:: Source material ::
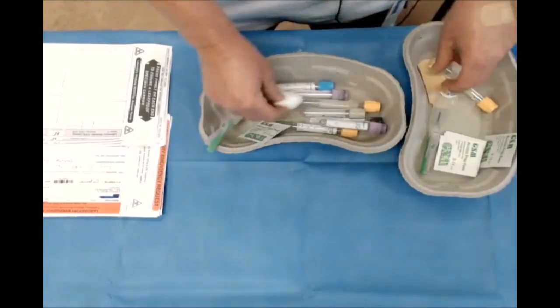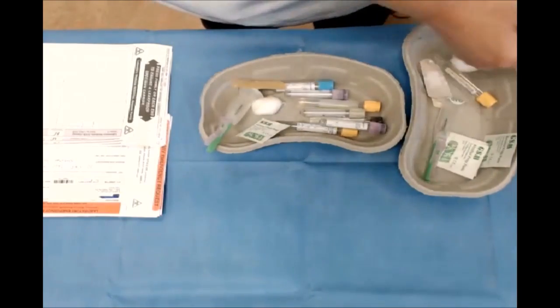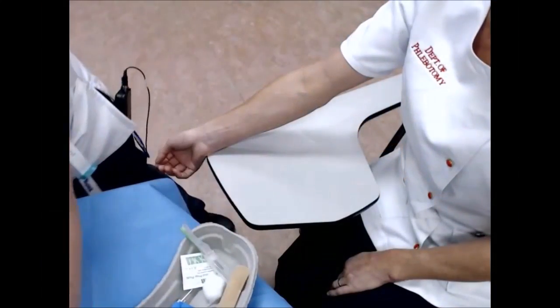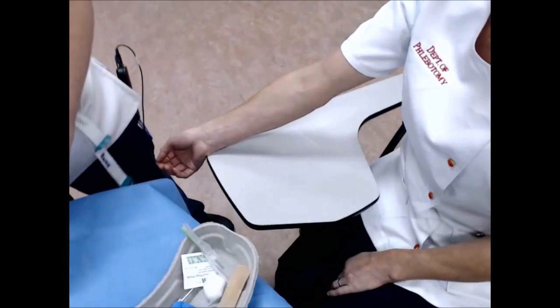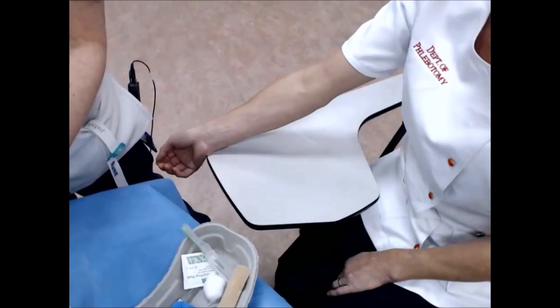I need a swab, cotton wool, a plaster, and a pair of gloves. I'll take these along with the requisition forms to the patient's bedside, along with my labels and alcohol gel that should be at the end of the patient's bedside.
:::
:: Source material ::
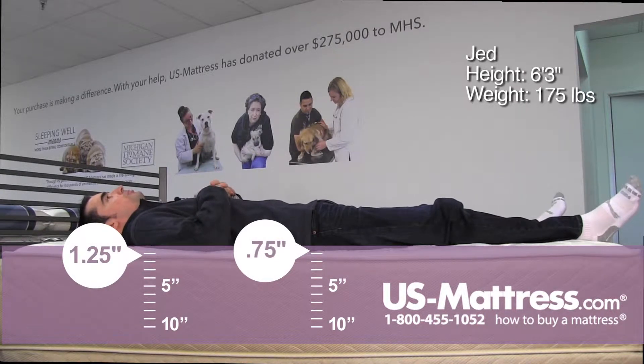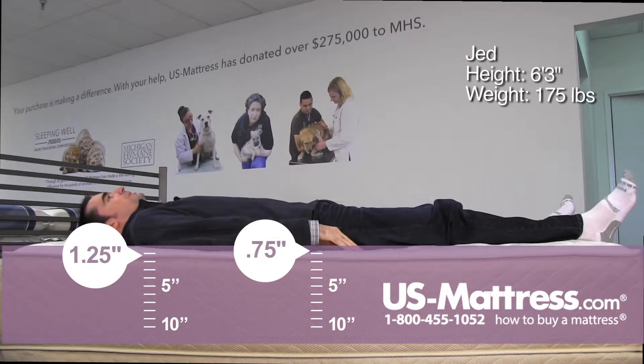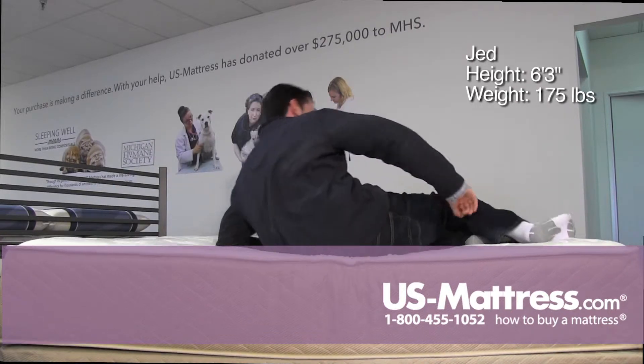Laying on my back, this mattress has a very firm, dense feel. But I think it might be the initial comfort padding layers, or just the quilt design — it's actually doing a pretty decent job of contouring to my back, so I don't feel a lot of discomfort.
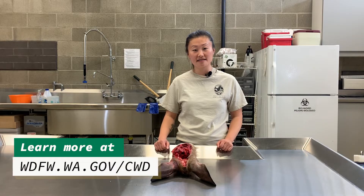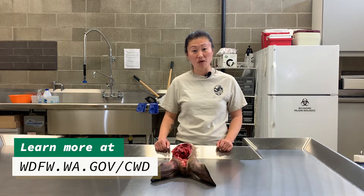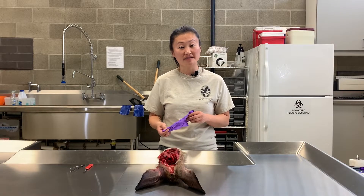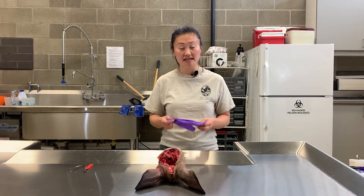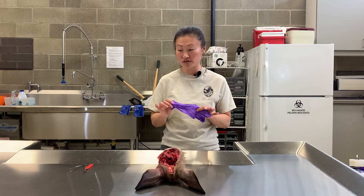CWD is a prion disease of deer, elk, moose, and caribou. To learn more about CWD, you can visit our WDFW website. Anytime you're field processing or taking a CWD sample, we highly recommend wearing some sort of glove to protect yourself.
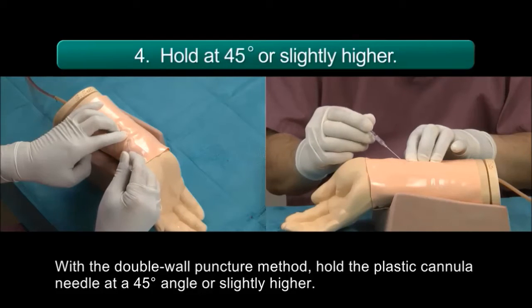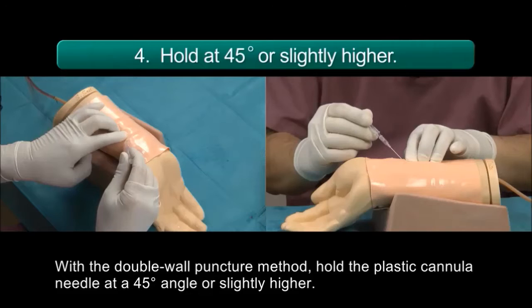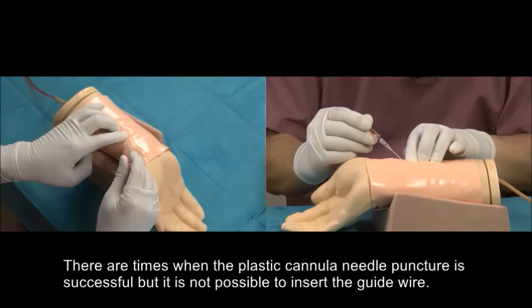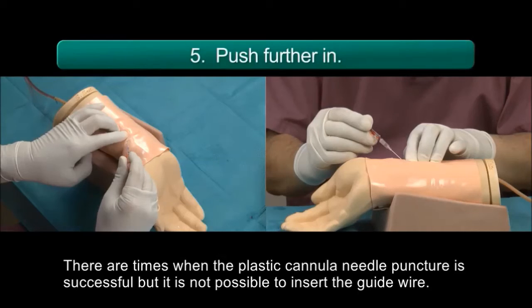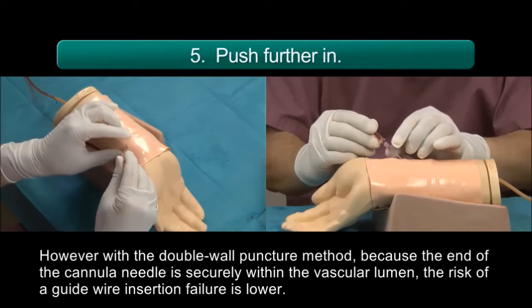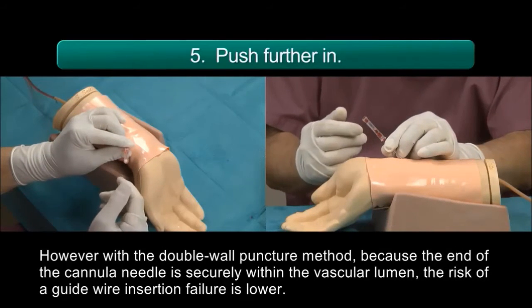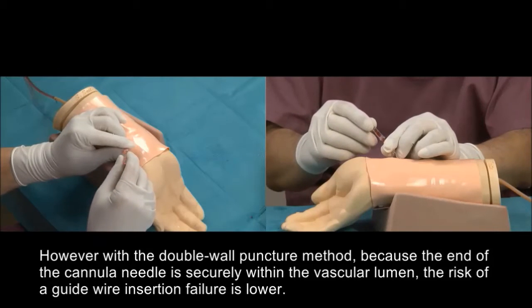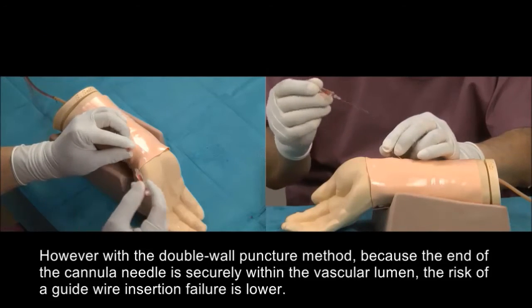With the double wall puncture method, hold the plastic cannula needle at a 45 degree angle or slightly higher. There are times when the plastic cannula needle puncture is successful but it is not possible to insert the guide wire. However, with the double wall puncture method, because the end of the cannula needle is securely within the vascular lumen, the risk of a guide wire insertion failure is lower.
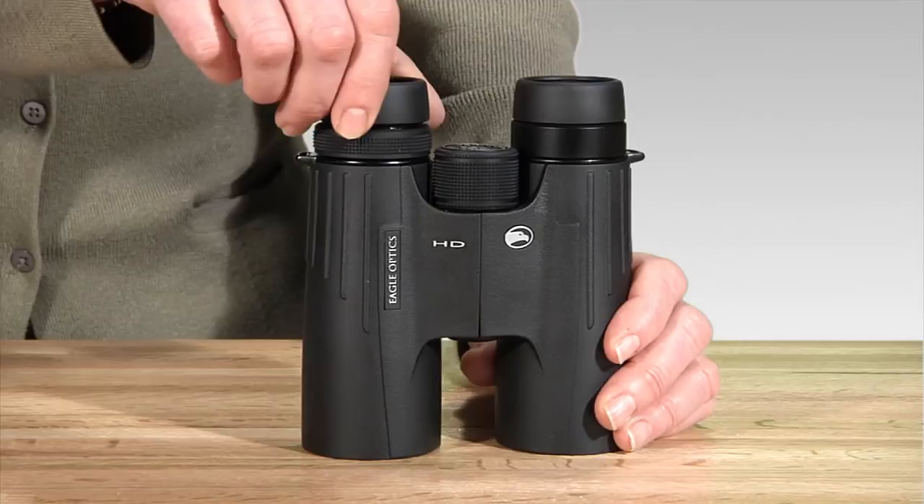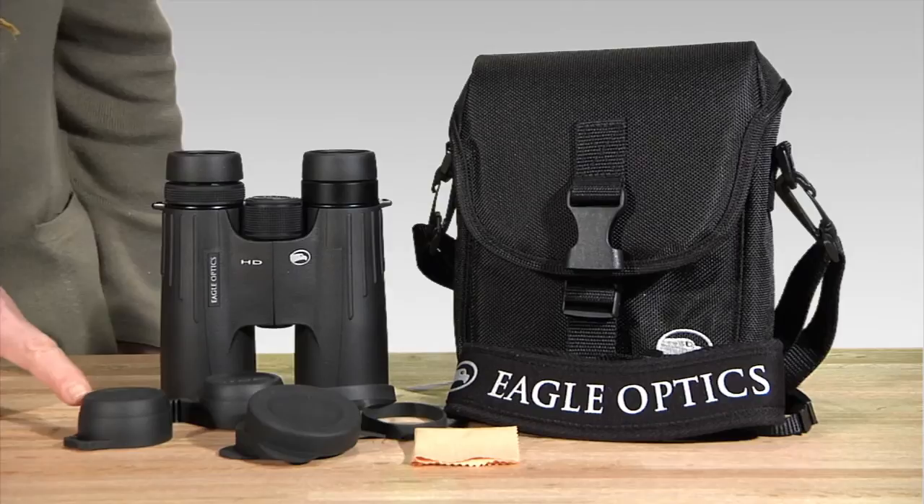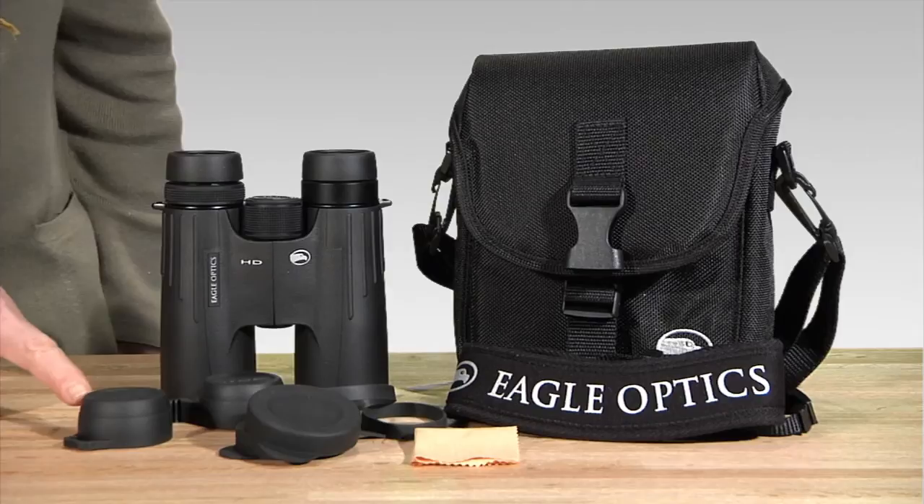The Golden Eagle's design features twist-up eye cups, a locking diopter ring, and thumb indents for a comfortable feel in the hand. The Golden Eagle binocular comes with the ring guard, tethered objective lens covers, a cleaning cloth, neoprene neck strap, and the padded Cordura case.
:::
:: Source material ::
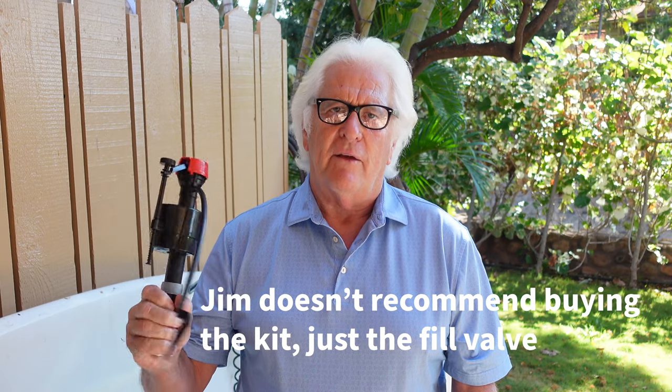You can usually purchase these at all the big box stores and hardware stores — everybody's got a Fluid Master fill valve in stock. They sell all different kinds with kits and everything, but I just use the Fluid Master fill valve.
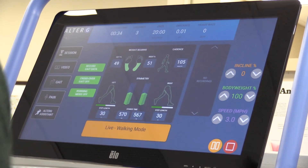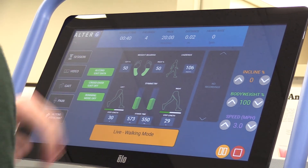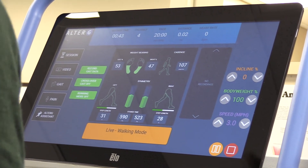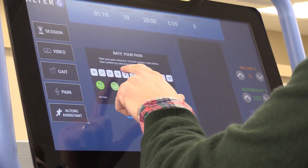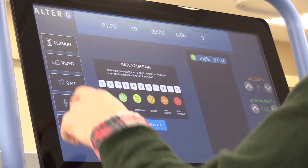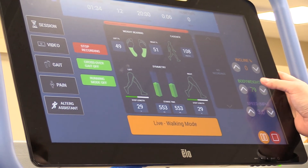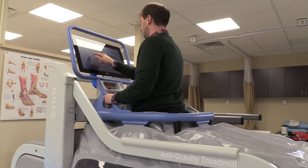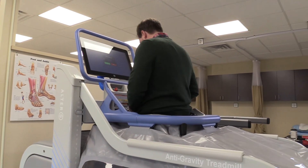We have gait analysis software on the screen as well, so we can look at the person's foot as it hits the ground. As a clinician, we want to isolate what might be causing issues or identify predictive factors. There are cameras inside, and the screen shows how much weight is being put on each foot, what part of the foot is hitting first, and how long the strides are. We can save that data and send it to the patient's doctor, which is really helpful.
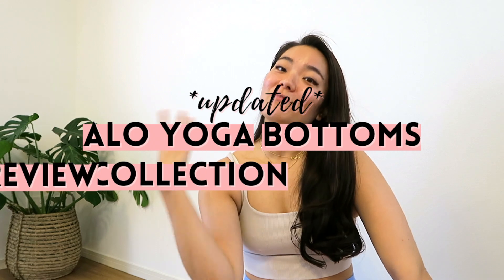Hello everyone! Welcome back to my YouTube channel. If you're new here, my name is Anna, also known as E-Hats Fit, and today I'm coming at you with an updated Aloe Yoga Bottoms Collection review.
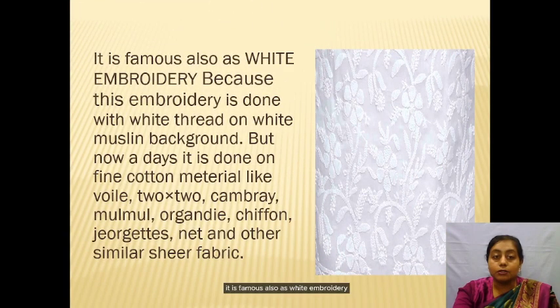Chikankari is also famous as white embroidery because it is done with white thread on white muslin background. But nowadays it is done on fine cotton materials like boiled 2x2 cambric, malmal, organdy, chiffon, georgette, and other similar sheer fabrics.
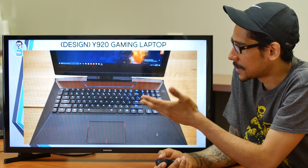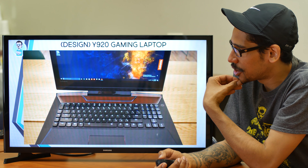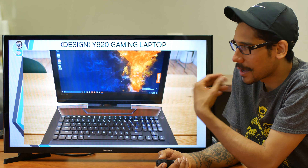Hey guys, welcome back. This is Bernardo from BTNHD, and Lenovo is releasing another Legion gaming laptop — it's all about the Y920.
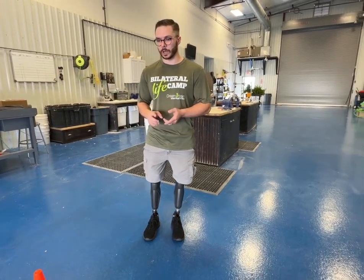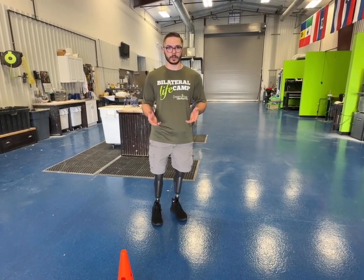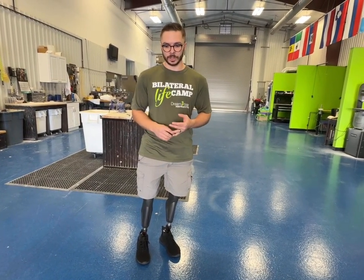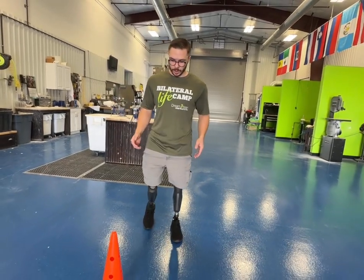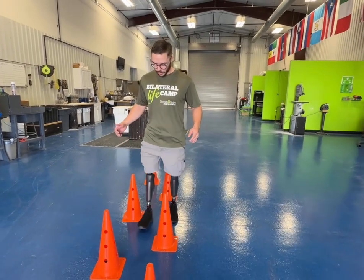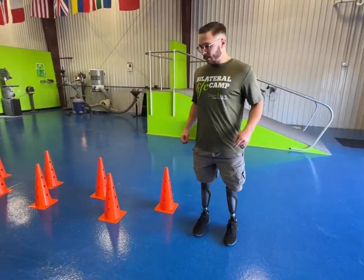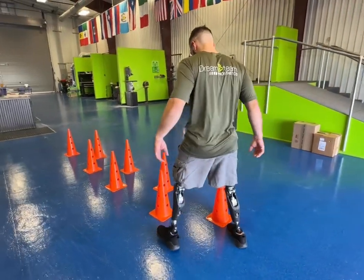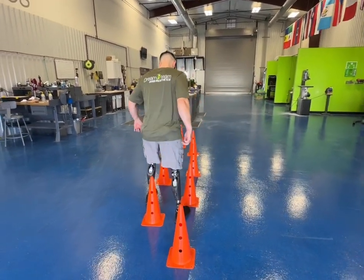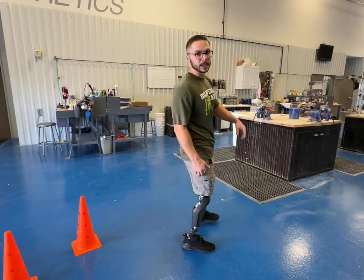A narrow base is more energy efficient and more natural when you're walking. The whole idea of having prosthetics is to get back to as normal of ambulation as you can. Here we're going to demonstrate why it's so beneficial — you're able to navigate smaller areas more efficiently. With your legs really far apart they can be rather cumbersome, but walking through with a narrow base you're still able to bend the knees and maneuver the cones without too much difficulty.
:::
§ Activity:
What is needed is an exact copy of the lines above from the one with "CWD is a prion" to the one with "With the double wall puncture method, hold", both ends kept, and nothing more; please leave the pictures out.

§ Solution:
CWD is a prion disease of deer, elk, moose, and caribou. To learn more about CWD, you can visit our WDFW website. Anytime you're field processing or taking a CWD sample, we highly recommend wearing some sort of glove to protect yourself.
With the double wall puncture method, hold the plastic cannula needle at a 45 degree angle or slightly higher. There are times when the plastic cannula needle puncture is successful but it is not possible to insert the guide wire. However, with the double wall puncture method, because the end of the cannula needle is securely within the vascular lumen, the risk of a guide wire insertion failure is lower.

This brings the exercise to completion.